During the 2004 presidential race, he served on Wesley Clark's National Security Working Group and then worked for the Kerry/Edwards campaign. He then clerked for the Supreme Court of Rwanda, where he evaluated post-genocide transitional justice initiatives. Returning to the US he worked at the Southern Poverty Law Center in Montgomery, Alabama. He also undertook an assignment in Sudan for the UN.

In early 2006, Pressman accompanied actor George Clooney and his father on a trip to Dafur to make a documentary. He joined Clooney on several missions to Europe, Asia, the Middle East and Africa to lobby for peace in Darfur. Pressman joined Clooney in founding Not On Our Watch Project, an advocacy and grant-making organization focused on raising awareness about mass-atrocities. Working as an attorney in private practice, he represented the Indian activist Leonard Peltier in seeking a pardon and had a conviction overturned in the case of a man who spent 10 years in prison for a crime he did not commit.

Obama administration
Under President Barack Obama, Pressman served as an assistant secretary in the Department of Homeland Security (DHS) and was responsible for policy development on global criminal justice issues there. He also served as the Director for War Crimes and Atrocities on the National Security Council, where he coordinated the government's efforts to prevent and respond to mass atrocities, genocide, and war crimes. He was also a member of the Atrocities Prevention Board.

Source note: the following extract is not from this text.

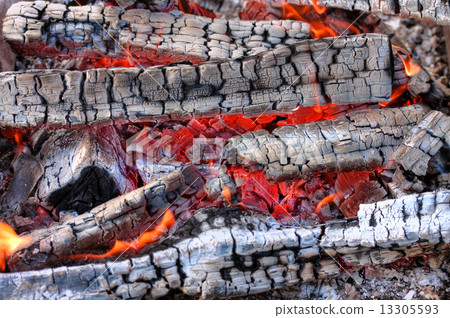 Closeup of a warm fire burning in a fireplace 13305593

On June 16, 2014, Obama nominated Pressman to be US Ambassador to the United Nations for Special Political Affairs–a role the New York Times has called both "the alternate" and "the deputy" US ambassador to the UN–and he was confirmed by the Senate on September 17, 2014. While waiting for Senate confirmation he served as counselor to Ambassador Samantha Power.

In early 2015, he successfully lobbied against a Russia-led attempt to deny benefits to the same-sex partners of U.N. employees. He participated in negotiations that produced sanctions against North Korea in March 2016 in response to that country's fourth nuclear test and placed the issue of human rights in North Korea on the agenda of the U.N. Security Council. As a spokesperson for the US, he praised the lifting of sanctions against Liberia as evidence of their success and denounced the failure of Sudanese authorities to take advantage of the support provided by the international community.

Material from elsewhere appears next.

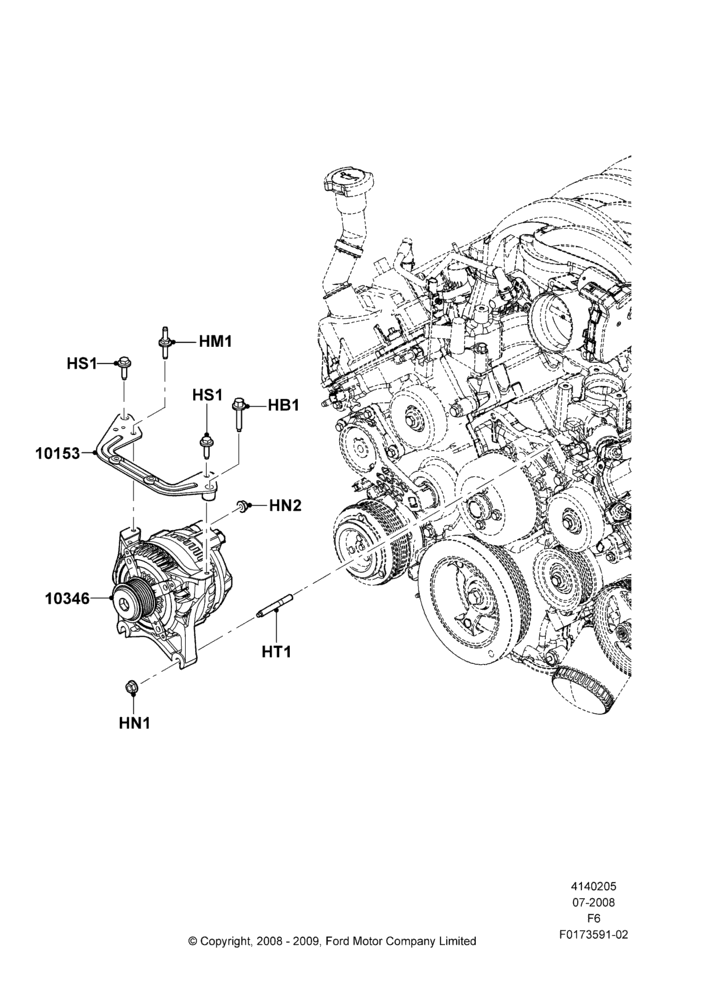 05F - Alternator and Mountings, 4.6L 3V V8; 18/AUG/2008-23/DEC/2014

The day after a mass shooting at a gay nightclub in Florida in June 2016, Pressman told the UN General Assembly that denouncing terrorism was an insufficient response: "If we are united in our outrage by the killing of so many — and we are — let us be equally united around the basic premise of upholding the universal dignity of all persons regardless of who they love, not just around condemning the terrorists who kill them." He was influential in winning UN Security Council approval of a resolution that condemned "targeting persons as a result of their sexual orientation". It was the first time that body addressed sexual orientation and required what diplomats called "intense consultations" to overcome the reservations of countries that provide no civil protections for sexual orientation or criminalize homosexuality.

In private practice 
Pressman left government service in November 2016. He became the first executive director of George and Amal Clooney's family foundation, the Clooney Foundation for Justice, and he joined the law firm of Boies, Schiller & Flexner as a partner in their New York City office. Managing partner Jonathan D. Schiller described his role as a "statesman-litigator": "He advises clients on navigating political and legal issues in cross-border deals, disputes with foreign governments, national security-related issues and public law disputes." His clients at Boies included Epic Games Inc., the New York Yankees Partnership, and Centene Corp. In June 2020 he moved to Jenner & Block, again as a partner based in New York City, where his clients included Princeton University, First Republic Bank, and the Oshkosh Corp. 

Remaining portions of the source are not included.